All equipment can deliver efficiency savings if regularly maintained. However, the shrewd addition of sensors, Variable speed drives and continually re-tweaking your system to best practice efficiency will save thousands of dollars over the life of these systems.

The most efficient businesses save the most money, and create opportunities to prosper.

How to do it now!

Regularly or constantly used electrical equipment can be optimized to improve its efficiency and save you money through lower electricity bills. Some of the common specialist equipment that can be optimised includes: Air compressors, electrical motors and pumps.

Fix air compressor leaks

Air compressors pressurize and compress air which is then delivered via hoses to equipment (nail guns, cleaning, etc… ). Wear and tear on the hoses and joins can result in this system leaking air and the compressor having to work harder to compensate.

To find and fix any leaks run the hose and joins through a bucket of water to find out where your system is leaking then replace/repair the leaking part or hose.

Implement best practice pumping

Existing pumping systems can provide an excellent opportunity for efficiency improvements, with improvements often having a payback period of a couple of years.
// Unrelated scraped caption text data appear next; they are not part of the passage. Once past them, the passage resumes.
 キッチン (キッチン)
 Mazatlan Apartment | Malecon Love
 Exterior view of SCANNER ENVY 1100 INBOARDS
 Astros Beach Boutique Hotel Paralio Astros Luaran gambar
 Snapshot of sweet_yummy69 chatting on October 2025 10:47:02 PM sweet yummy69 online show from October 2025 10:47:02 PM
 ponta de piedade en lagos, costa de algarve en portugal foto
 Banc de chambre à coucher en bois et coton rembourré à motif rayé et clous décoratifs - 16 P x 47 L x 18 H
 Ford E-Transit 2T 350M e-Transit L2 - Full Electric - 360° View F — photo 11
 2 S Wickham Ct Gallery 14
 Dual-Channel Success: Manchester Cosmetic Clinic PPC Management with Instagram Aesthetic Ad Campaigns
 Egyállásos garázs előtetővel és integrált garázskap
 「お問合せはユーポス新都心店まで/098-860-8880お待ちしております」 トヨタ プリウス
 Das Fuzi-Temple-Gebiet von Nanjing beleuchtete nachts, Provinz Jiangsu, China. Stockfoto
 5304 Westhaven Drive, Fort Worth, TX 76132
The Sustainability Victoria manual on best practice pumping highlights that “Improving the efficiency of just one pump can save substantial energy. For example, a continuously operated centrifugal pump, driven by a fully loaded 100 kW motor, requires 973,000 kWh per year and costs more than $97,000 to operate, assuming average electricity costs of 10 cents per kWh and a 90% motor efficiency. With a 20% reduction in operating costs, savings of $19,400 per year can be realised.

These efficiencies can be achieved in one of two ways:

1. Improve the efficiency of your existing pumping system

The following table provides a list of common problems in existing pumping systems and their likely remedy.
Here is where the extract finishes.